The Flat Surface Principle
Every flat surface — dressers, nightstands, coffee tables, bookshelves — should have at most 3 objects on it. Everything else creates visual noise and collects dust.
Room-by-Room Declutter Plan
Kitchen (2–4 Hours)
- Pull everything out of one cabinet at a time
- Group: keep, donate, toss, relocate
- Apply the "last used" test: if unused in 12 months, it goes
- Tackle the junk drawer last
- Clear all countertops; return only daily-use items
Closets (1–2 Hours Each)
- Remove everything entirely
- Clean the empty closet
- Evaluate each item: does it fit, do you love it, have you used it in the last year?

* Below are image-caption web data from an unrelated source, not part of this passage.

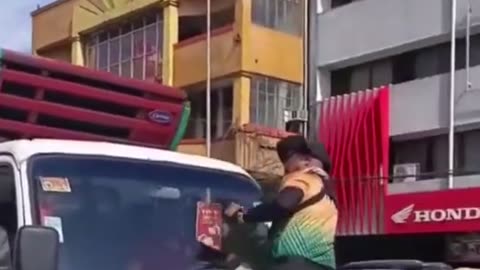 😂👮 He Sworn to Enforce the Law! | FunFM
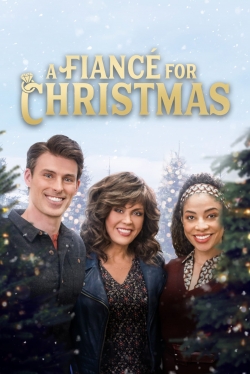 A Fiance for Christmas-123movies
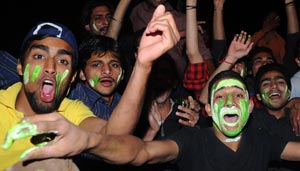 Asia Cup: Pakistan cricket fans miss India revenge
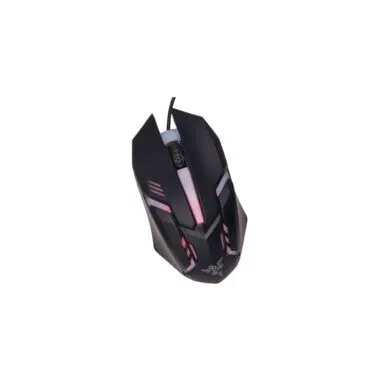 Pack Gaming Razer TF240  Clavier + Souris + Casque + Tapis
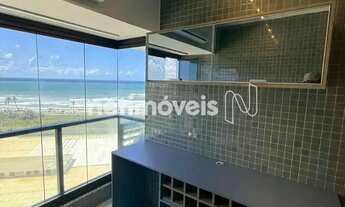 Imagem 3: Apartamento 2/4 com Suíte no Ocean House Viver a poucos metros do mar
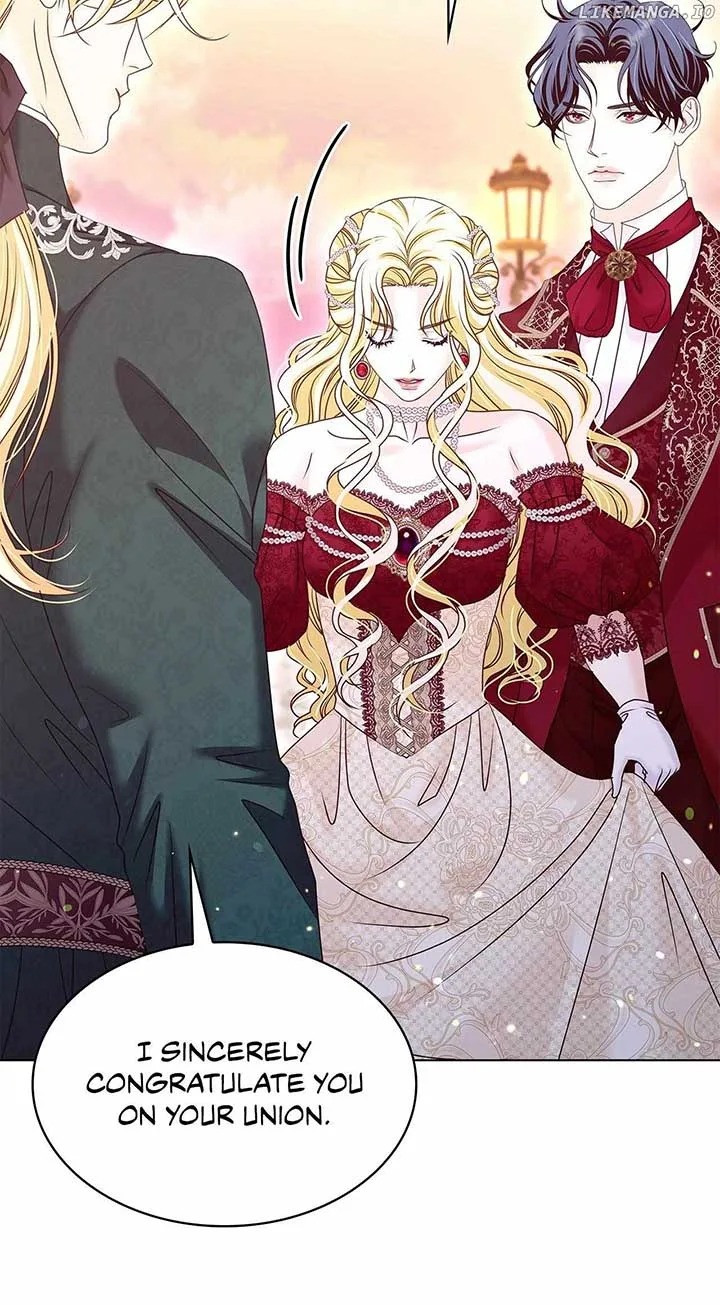 The Villainess Tames the Crazed Devil Chapter 37 page 4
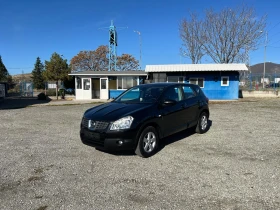 Nissan Qashqai 1, 5dCi EURO 4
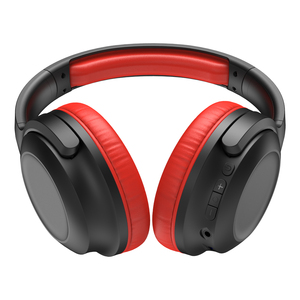Auriculares inalámbricos con Bluetooth, audífonos estéreo de baja latencia únicos para música y teléfono móvil - Product Image 2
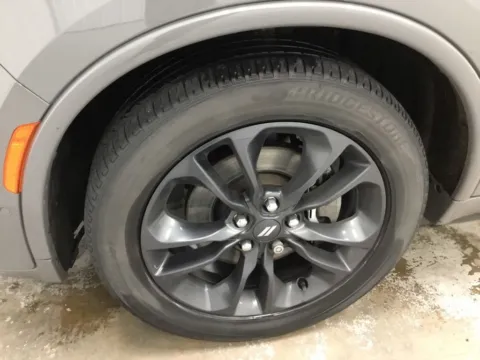 More photos of 2022 Dodge Durango R/T at Gregg Young Abrams Chrysler Dodge Jeep Ram, WI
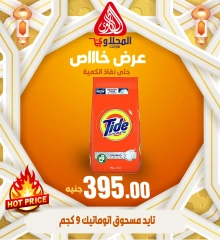 Page 31 in Special Promotion at El Mahlawy market Egypt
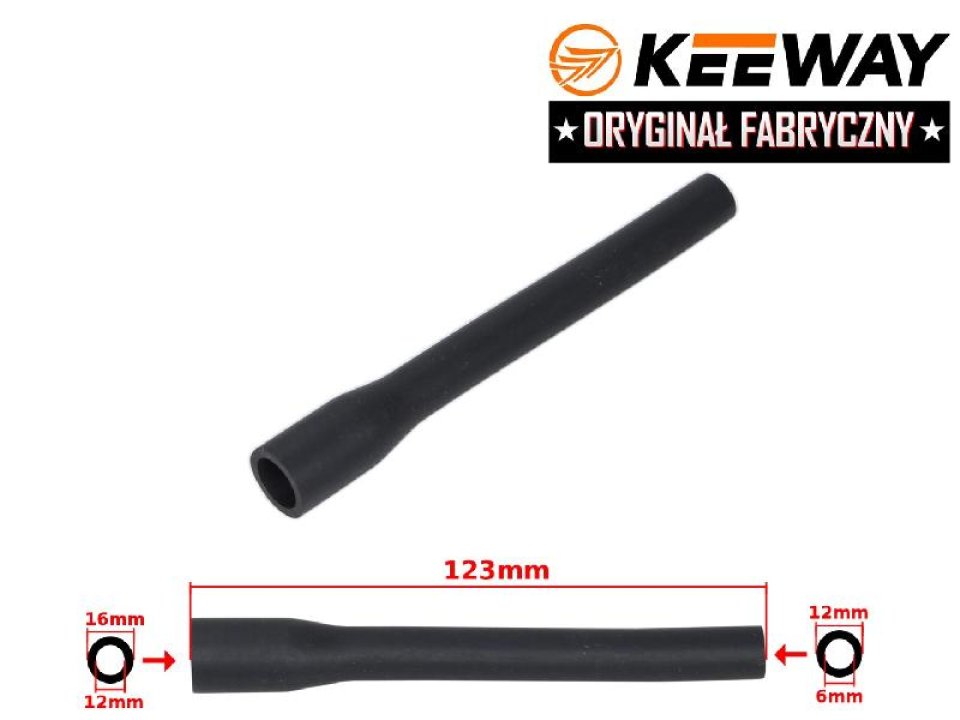 jaszmotor_webshop_benzincsap_gumicso_keeway_hurricane_<br>(gyari_alkatresz)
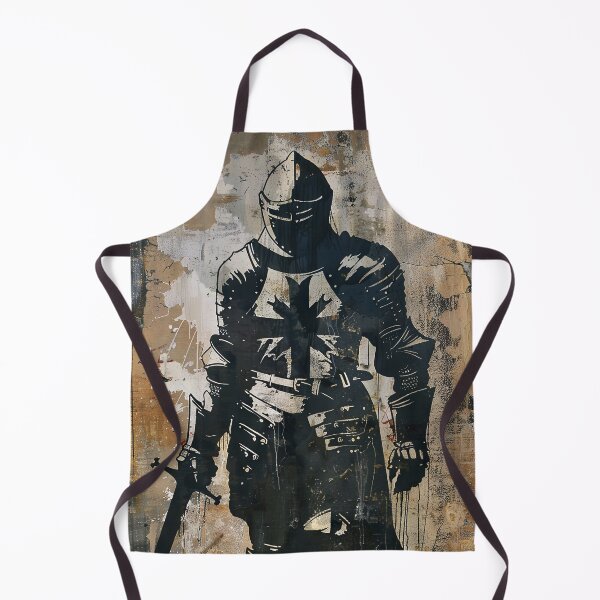 Item preview, Caradoc the Younger designed and sold by OccultDreams.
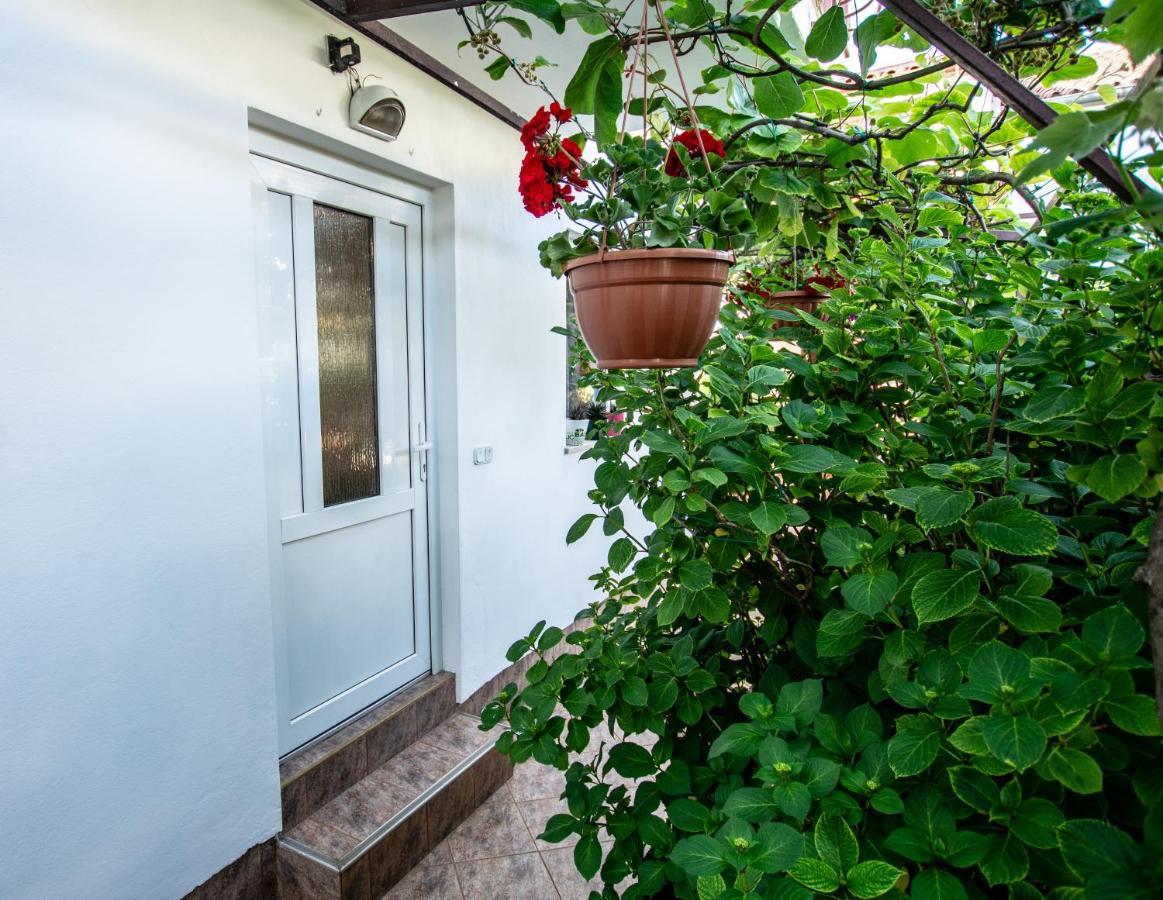 Apartments Lea Poreč Extérieur photo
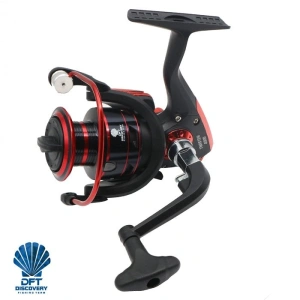 DFT Twister 3000 3 BB Olta Makinesi Kırmızı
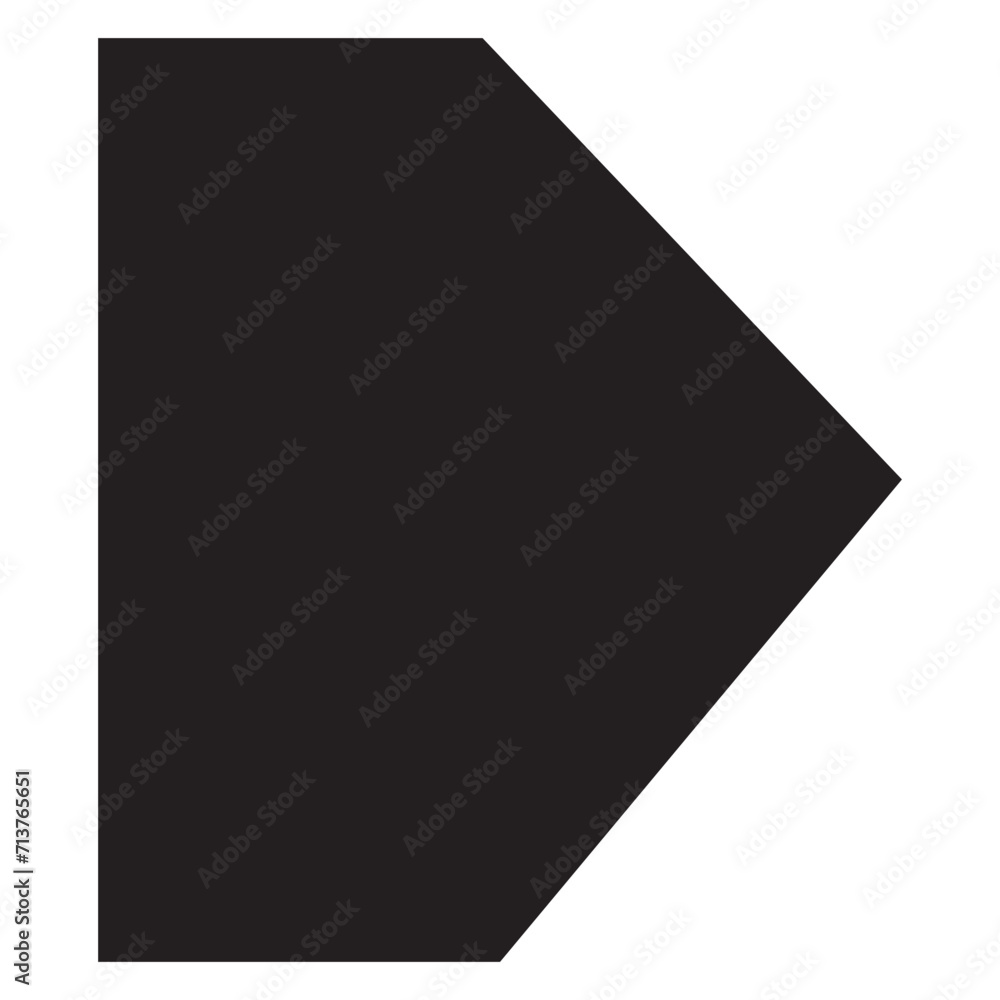 Bold arrow sign collection, set of black arrows icons, isolated on white background Bold arrow sign collection, set of black arrows icons, isolated on white background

- Return only what passes; bag the rest for donation
Living Areas (1–2 Hours)
- Remove all items not permanently belonging to that room
- Reduce decorative items to "gallery-worthy" only
- Cable management — loose cords are clutter and dust magnets
The Donation Schedule
In Reston, these organizations accept household goods and furniture:
- Habitat for Humanity ReStore — large items and furniture
- Goodwill Industries — general donations
- Vietnam Veterans of America — furniture pickup by appointment in many markets
Maintaining It
The one-in-one-out rule: every time something new enters your home, something equivalent leaves. Applied consistently, this maintains your decluttered space without periodic purges.